• [TASK STATEMENT]
Going down the data below, set down exactly the line with "Tabouret de bar" and each line after it through the line with "Chapéu de palha"; no other lines.

(Source records)
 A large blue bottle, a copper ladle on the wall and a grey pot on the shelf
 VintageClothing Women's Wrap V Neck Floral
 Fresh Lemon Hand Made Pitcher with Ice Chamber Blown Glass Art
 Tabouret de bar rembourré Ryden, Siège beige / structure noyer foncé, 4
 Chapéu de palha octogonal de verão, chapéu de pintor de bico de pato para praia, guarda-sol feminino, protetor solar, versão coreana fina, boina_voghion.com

---

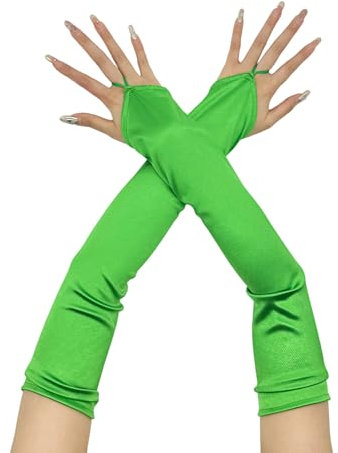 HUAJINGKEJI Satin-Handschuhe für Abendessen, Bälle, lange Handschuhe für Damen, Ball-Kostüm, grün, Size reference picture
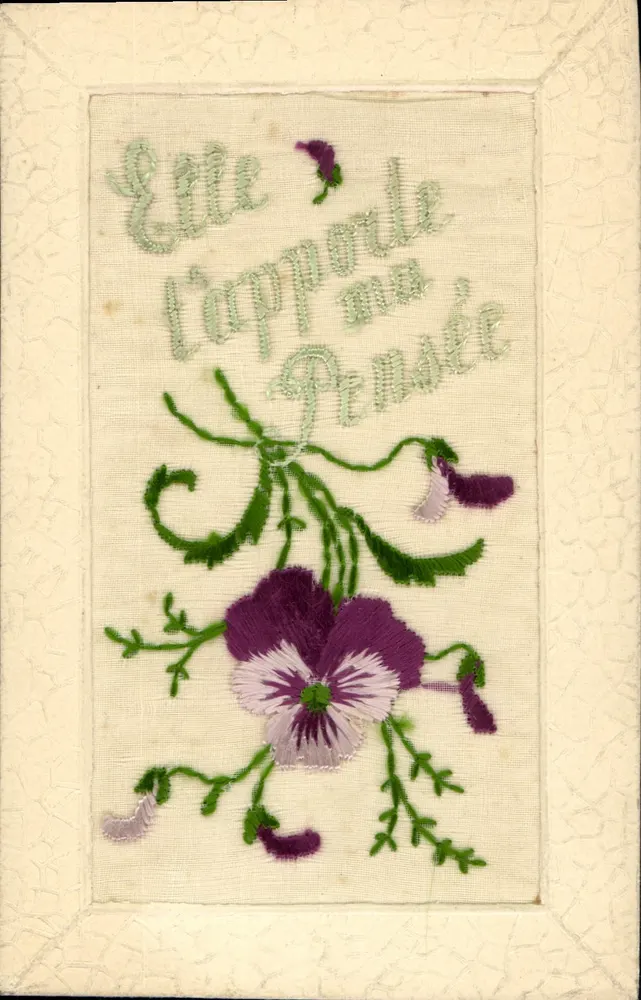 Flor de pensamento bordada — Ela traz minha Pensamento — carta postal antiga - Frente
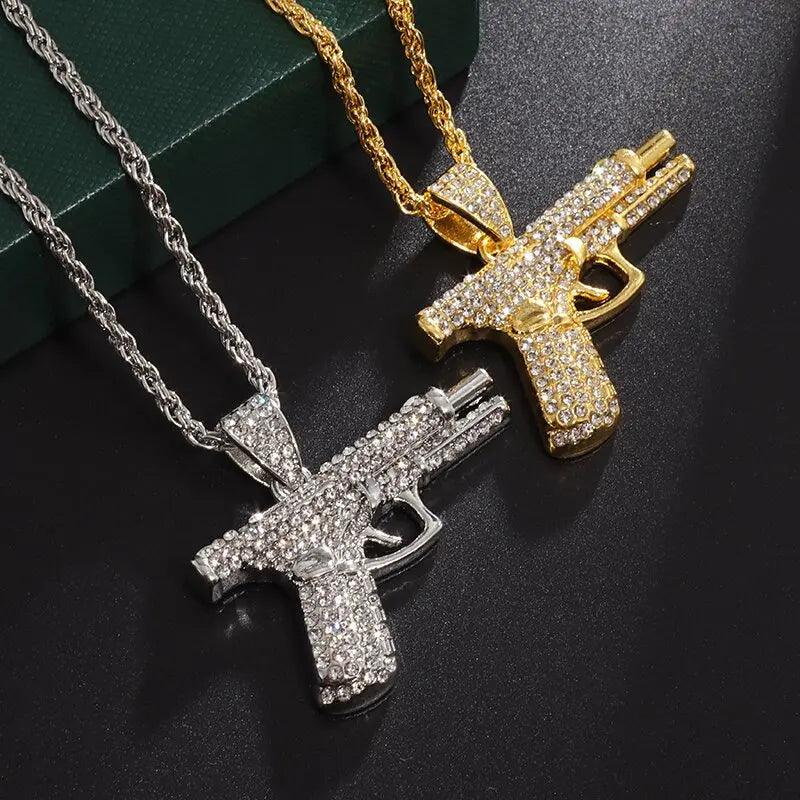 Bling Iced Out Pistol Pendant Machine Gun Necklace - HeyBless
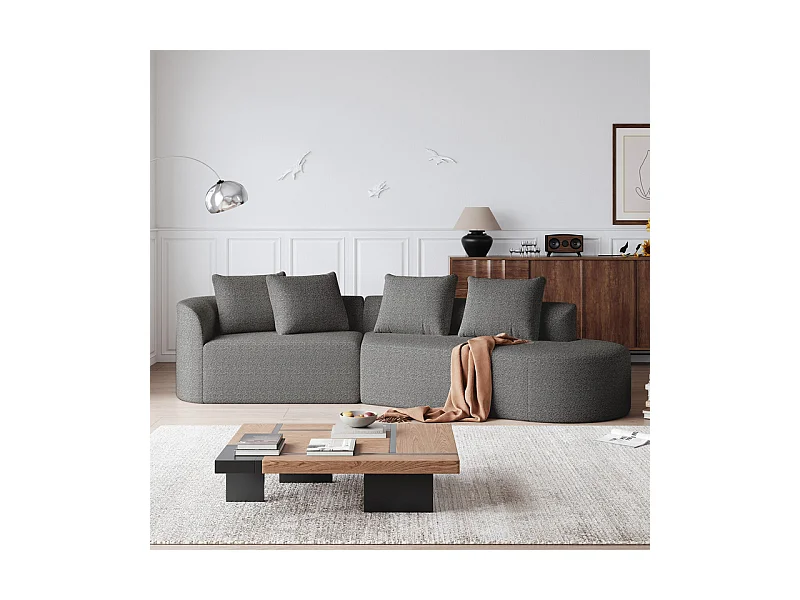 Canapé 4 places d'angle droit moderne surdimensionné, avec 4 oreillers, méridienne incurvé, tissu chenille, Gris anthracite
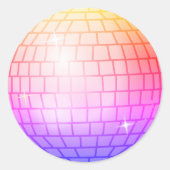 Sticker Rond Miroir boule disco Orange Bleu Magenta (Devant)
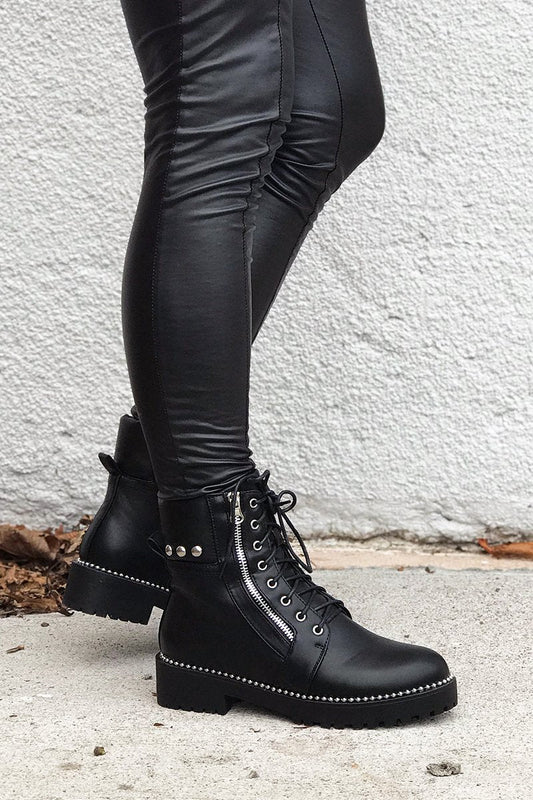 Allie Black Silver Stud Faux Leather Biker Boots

• [THE ANSWER]
 Tabouret de bar rembourré Ryden, Siège beige / structure noyer foncé, 4
 Chapéu de palha octogonal de verão, chapéu de pintor de bico de pato para praia, guarda-sol feminino, protetor solar, versão coreana fina, boina_voghion.com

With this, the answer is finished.